2

I want to spawn multiple subprocesses and run them in parallel. I have a function which looks mostly like this:

def stream_command(command):
    proc = subprocess.Popen(shlex.split(command), stdout=subprocess.PIPE,
                            stderr=subprocess.PIPE)
    while proc.poll() is None:
        line = proc.stdout.readline()
        sys.stdout.write('[%s]: %s' % (command, line))
    return proc.poll()

I then can run multiple in parallel (roughly) with this:

def stream_commands(commands):
    threads = []
    for command in commands:
        target = lambda: stream_command(command)
        thread = Thread(target=target)
        thread.start()
        threads.append(thread)
    while True:
        if any(t.is_alive() for t in threads):
            continue
        else:
            break

The issue, however, is that in my stream_command function I am blocking on a call to proc.stdout.readline(). That means a couple of things: first of all, if the process never writes to stdout, that function will hang forever (even if the subprocess terminates, for example). Secondly, I can't separately respond to the stdout and stderr of the process (I would have to first blocking read to one, and then to the other... which would be very unlikely to work). What I would like to do is something akin to what I would write in node.js:

def stream_command(command):
    def on_stdout(line):
        sys.stdout.write('[%s]: %s' % (command, line))
    def on_stderr(line):
        sys.stdout.write('[%s (STDERR)]: %s' % (command, line))
    proc = asyncprocess.Popen(shlex.split(command),
            on_stdout=on_stdout,
            on_stderr=on_stderr
    )
    return proc.wait()

Where of course asyncprocess is some fictitious process module that lets me start subprocesses and pass handler functions for stdout and stderr.

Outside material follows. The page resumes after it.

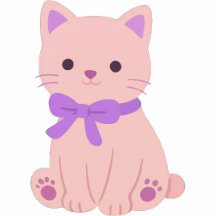 Cute Kawaii Pastel Pink Kitty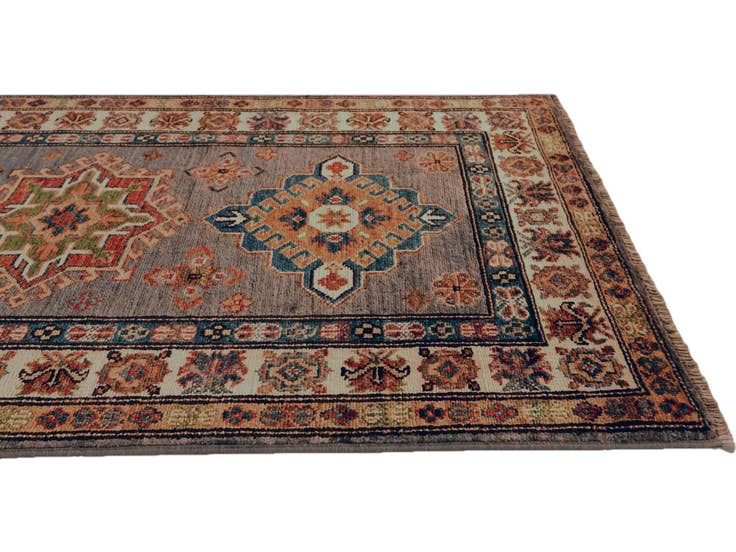 Detail image of 2' 7 x 4' 3 Hand Knotted Kazak Rug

So, is there anything akin to the asyncprocess module I have above, or failing that, is there any simple way to respond asynchronously to the events of a subprocess in python?

By the way, I should note that I'm using python 2.7. There seems to be some stuff for python3 via the asyncio library, but unfortunately that doesn't work here, AFAIK.

limp_chimp
  • 13,475
  • 17
  • 66
  • 105
  • Do you want to process the output at all? If not, don't redirect stdout/err to pipes. – tdelaney Mar 04 '15 at 17:19
  • Yes, I do: as you can see, I want to prepend each line with the command the line was produced by, or with that command plus `(STDERR)` if the line is from stderr. And in general, I want to support arbitrary processing of the lines, in real-time (the actual `stream_command` function I'm writing takes a handler function to process the lines however the user desires) – limp_chimp Mar 04 '15 at 17:20
  • `proc.stdout.readline()` returns an empty string when the program terminates, so you don't have a problem. Its more common to do `for line in proc.stdout` than the `while proc.poll()` thing, but both work. But your existing code works. – tdelaney Mar 04 '15 at 17:32
  • ... except it doesn't work, for the reasons I describe. Perhaps I don't need to worry about `readline()` not returning, but the issue of separately and asynchronously responding to `stdout` and `stderr` remains. – limp_chimp Mar 04 '15 at 17:36
  • Oh, you were setting `stderr=subprocess.STDOUT` so I was confused. – tdelaney Mar 04 '15 at 17:45
  • you could pass file-like objects to [`teed_call()` function](http://stackoverflow.com/a/4985080/4279). Put into their `.write()` methods whatever you want to put into `on_stdX()` functions. – jfs Mar 05 '15 at 12:02

1 Answers1

0

You can do this with a thread per data stream. Assuming you want stream_commands to block until all of the commands complete, you can do this:

stdout_lock = threading.Lock()

def pipe_to_stdout(preamble, pipe):
    for line in pipe:
        with stdout_lock:
            sys.stdout.write(preamble + line)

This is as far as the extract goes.